I'm actually in the ozarks.
I wish that your profile reflected this....
Anytime I try to discuss growing stuff... I always check to see where the OP is gardening (whether in this forum or any other) It makes a huge difference in the advice that I'm going to offer.
When I read "gulf coast", I think lower alabama/florida panhandle... and make statements relative to those conditions.
The Ozarks get pretty good rain... comparatively speaking... And... yes, I know about that cracked clay in August.... but you have a nice long spring... with the rains associated with that...
Spring here now... with frost until the middle of April.... summer starts soon after... Interesting gardening in that....
Gardening in the clay.... gonna be different plants thriving in that...
Sun chokes (ja), should be a good choice... If you ever get a deer fence!
Not sure what kind of food you can grow without fencing...
Have you considered something like hardy orange or osage orange as organic fencing?
Neither of them grow well enough in my sand to work.... I seem to need to create a garden before I can even get them to grow!
Working now on rooting roses for planting next to the existing deer fence...
Have you tried any of the chenopodium species?
Most people are familiar with chenopodium album, I have a better variety, chenopodium giganteum... But... I have to fence it in.... to prevent the deer from killing it....

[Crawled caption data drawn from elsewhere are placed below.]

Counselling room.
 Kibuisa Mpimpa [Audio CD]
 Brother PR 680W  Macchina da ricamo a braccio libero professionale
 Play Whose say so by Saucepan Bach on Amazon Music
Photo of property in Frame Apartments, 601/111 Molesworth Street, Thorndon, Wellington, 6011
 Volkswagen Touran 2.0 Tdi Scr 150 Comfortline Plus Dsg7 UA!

Here's a neat post from tumblr:
So I just learned something that ****es me off.
Y’know quinoa? The ~magical~ health food that has become so popular in the US that a centuries-long tradition of local, sustainable, multi-crop farming is being uprooted to mass-produce it for the global market? Potentially affecting food stability and definitely effecting environmental stability across the region?
Ok, cool.
Y’know Lamb’s Quarter? A common weed throughout the continental US, tolerant of a wide variety of soil conditions including the nutrient-poor and compacted soils common in cities, to the point where it thrives in empty lots?
These plants are close relatives, and produce extremely similar seeds. Lamb’s quarter could easily be grown across the US, in people’s backyard and community gardens, as a low-cost and local alternative to quinoa with no sketchy geopolitical impacts. You literally don’t have to nurture it at all, it’s a ******* weed, it’ll be fine. Put it where your lawn was, it’ll probably grow better than the grass did. AND you can eat the leaves - they taste almost exactly like spinach.
This just… drives home, again, that a huge part of the appeal of “superfoods” is the sense of the exotic. For whatever nutritional benefits quinoa does have, the marketing strategy is still driven by an undercurrent of orientalism. You too could eat this food, grown laboriously by farmers in the remote Andes mountains! You too could grow strong on the staple crop that has sustained them for centuries! And, y’know, destroy that stable food system in the process. Or you could eat this near-identical plant you found in your backyard.